# Rainbow shark help



## LariM78 (Nov 2, 2010)

Hello all

My tanks seems really stable now, nitrates and nitrites are low and all the fish seem happy. I have 7 tiger barbs, 5 adult mollies and 8 molly fry in a breeding net in my 170l (45g) tank. I've added a little bit of salt (1g/litre) and the tiger barbs seem OK with the salt in the tank - the mollies love it.
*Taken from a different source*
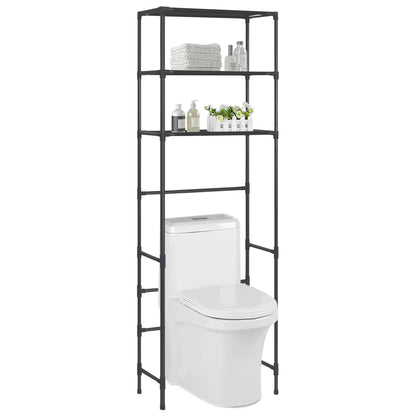 Berkfield 3-Tier Storage Rack over Toilet Black 53x28x169 cm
When the tank was still new I had put a rainbow shark in and not realizing he was a bottom feeder he died of starvation. I bought some sinking tablets and got another rainbow shark but he died soon after as well. I was not sure if he was eating properly as the tiger barbs would chase the tablet and go crazy on it for a while, he may have died of another cause because he did not look thin. The tiger barbs have seemed to have calmed down quite a lot, they don't nip at the other fish the way they used to (still greedy though). I would like to get another rainbow shark for the tank but I'm concerned firstly that it may not tolerate the salt in the water or it may die of starvation because the barbs eat all the food in sight. Would anyone know of another feeding method for bottom feeders and if a rainbow shark will tolerate salt in the water?

Thanks,
Marc*c/p*


----------



## James0816 (Jun 19, 2009)

LariM78 said:


> Would anyone know of another feeding method for bottom feeders and if a rainbow shark will tolerate salt in the water?


Salt is bad for these guys. Sry. 

They will eat normally such as flakes, bloodworms, brine shrimp. They aren't relegated to the bottom for feeding though. When healthy, they will feed just like the other fishies.


----------



## sivakv (Aug 6, 2010)

not sure why you need to add salt.


----------



## mfgann (Oct 21, 2010)

A long time ago I kept one in a community tank and never fed him anything special. He would eat the same flakes as the other fish. They're a 'scaleless' fish which don't tolerate salt well, which may explain it, or perhaps he died of other causes. I always liked the rainbow shark a lot. A mollie can tolerate much less than the full dose of salt.. perhaps try salting 1/4 the recommended amount?


----------